In recent years I’ve been riding a lot more mountain bikes than motorcycles. I notice that good mountain bike habits don’t always jive with good motorcycle riding habits. I find that when I ride my motorcycle, I’m better at riding my bicycle the next time, but when I ride my bicycle I’m worse at motorcycling. This is gonna be a challenge to balance with all those skill deposits and withdrawals.

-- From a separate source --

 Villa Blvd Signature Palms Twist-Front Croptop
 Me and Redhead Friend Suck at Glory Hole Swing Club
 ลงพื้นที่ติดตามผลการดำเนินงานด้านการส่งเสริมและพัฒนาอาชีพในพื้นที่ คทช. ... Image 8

The two worst mountain bike habits I have that creep out when I’m motorcycling are popping my inside knee out during low speed maneuvers (I look stupid when I do that on the motorcyle, like I think it’s Isle of Man or something, also it’s just not good form. But it really helps on the mountain bike. Go figure), and, most egregiously, grabbing the brake lever with just two fingers. This isn’t good because if your fingers are under the brake lever and you go down, you might lose those fingers, or so they told me in motorcycle riding class. I believe them but I wonder what happens when you go down with no fingers on the brake lever. Do you lose all of them?

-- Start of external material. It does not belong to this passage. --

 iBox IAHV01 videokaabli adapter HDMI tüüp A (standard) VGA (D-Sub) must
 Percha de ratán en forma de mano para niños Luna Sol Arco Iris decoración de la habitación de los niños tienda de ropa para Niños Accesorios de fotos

But anyway, the problem is that the throw on the lever is too long for me to reach with my last two fingers since the lever angles away as it reaches the end of the bar. I solved this by dumping my bike over in the driveway and snapping the brake lever off right at the point where those fingers contact it. Problem solved!
Upon writing this, I realize that the persistent lower back pain I’ve been experiencing for the last few weeks summer can be attributed to the effort I put into heaving the bike back up once I dropped it. I admit, I was embarrassed and didn’t want anyone to see my pretty Ducati flopped over on its side so I picked it back up as quickly as I could even though it was lying the wrong (read: unhelpful for picking back up) way on my sloped driveway. Well, that’s one mystery solved. Thank goodness I don’t have to go drop another $300 on a mountain bike fit, chasing phantom back pain.